- PROBLEM STATEMENT:
Would you reproduce exactly, and only, the lines starting at the one with "nöm to go to go Vanillemilch 450 g" and ending at the last line of the data, with both included? Leave the pictures out.

** Opening TASK DATA block **

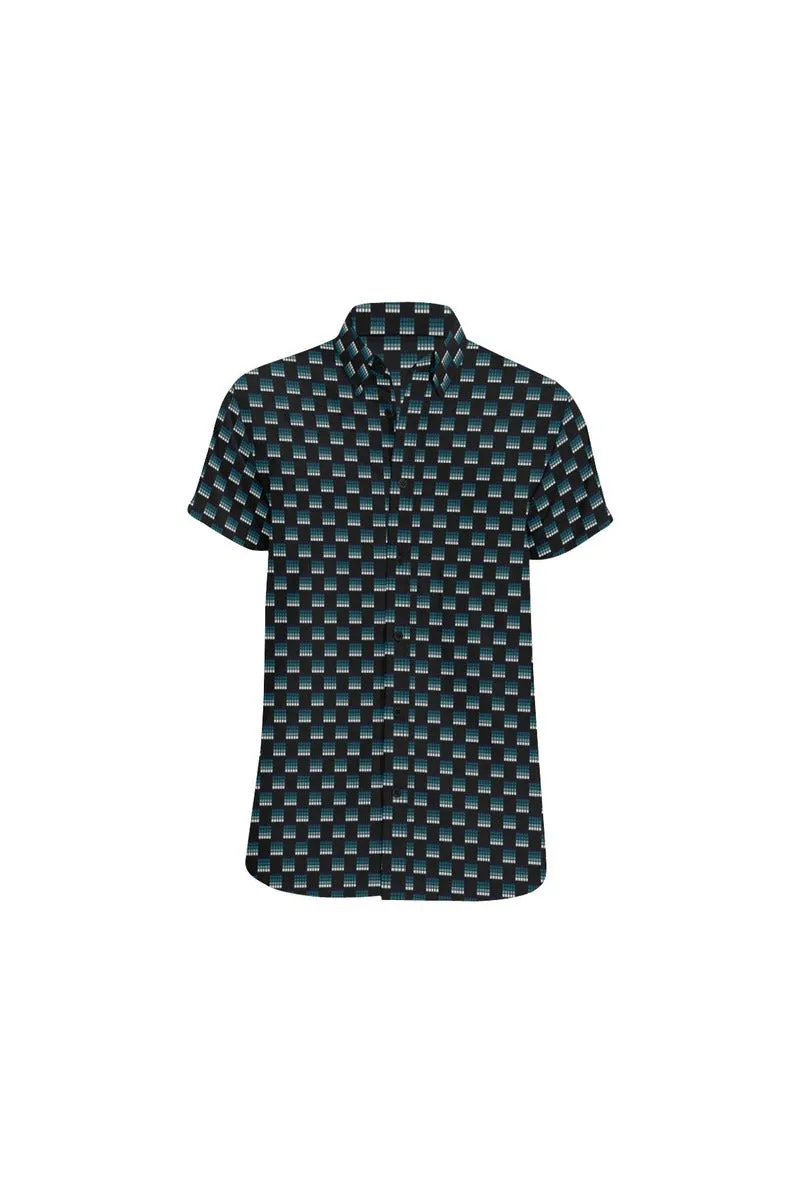 The Matrix Men's All Over Print Short Sleeve Shirt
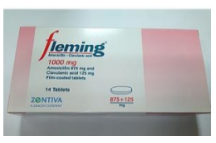 Medreich Sterilab Fleming.,1000mg,x14 Tab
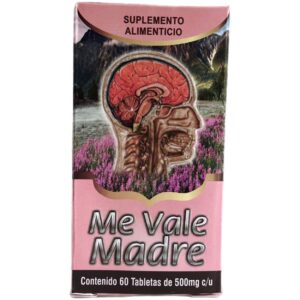 Me Vale Madre (60 tab) 500mg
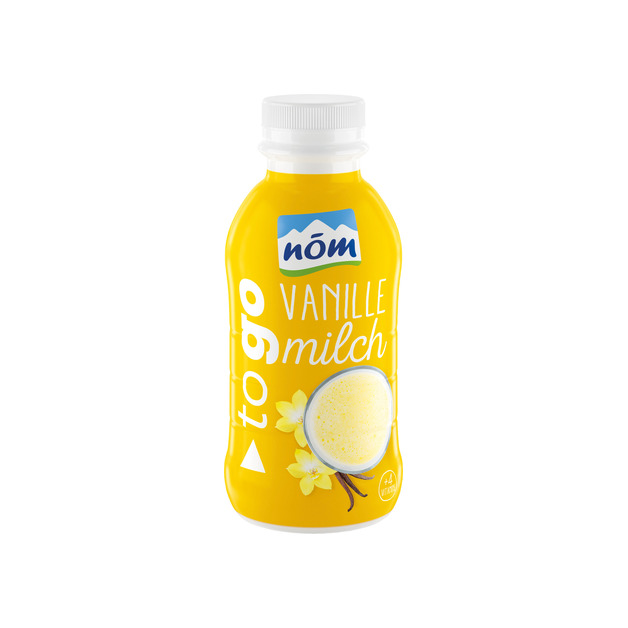 nöm to go to go Vanillemilch 450 g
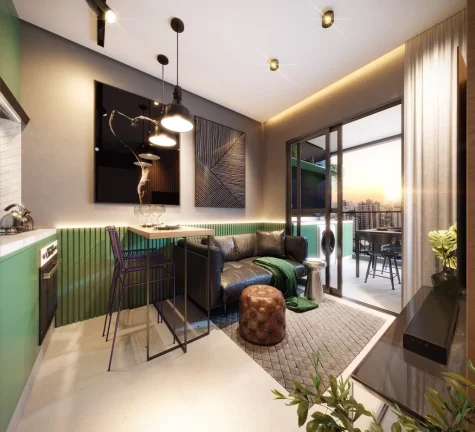 Imagem Apartamento à venda em São Paulo, Freguesia do Ó, com 2 quartos, 42,77m2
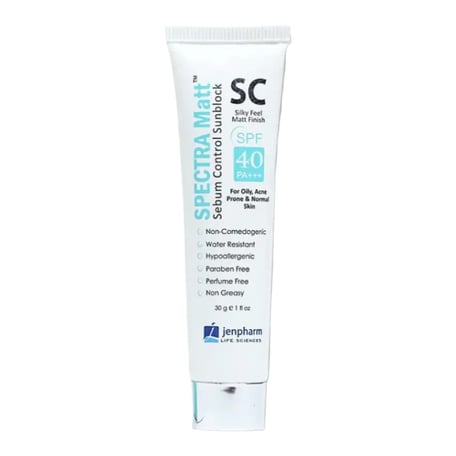 Jenpharm Spectra Matt SC SPF 40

** Closing TASK DATA block **

- RESPONSE TO THE EXERCISE:
 nöm to go to go Vanillemilch 450 g
 Imagem Apartamento à venda em São Paulo, Freguesia do Ó, com 2 quartos, 42,77m2
 Jenpharm Spectra Matt SC SPF 40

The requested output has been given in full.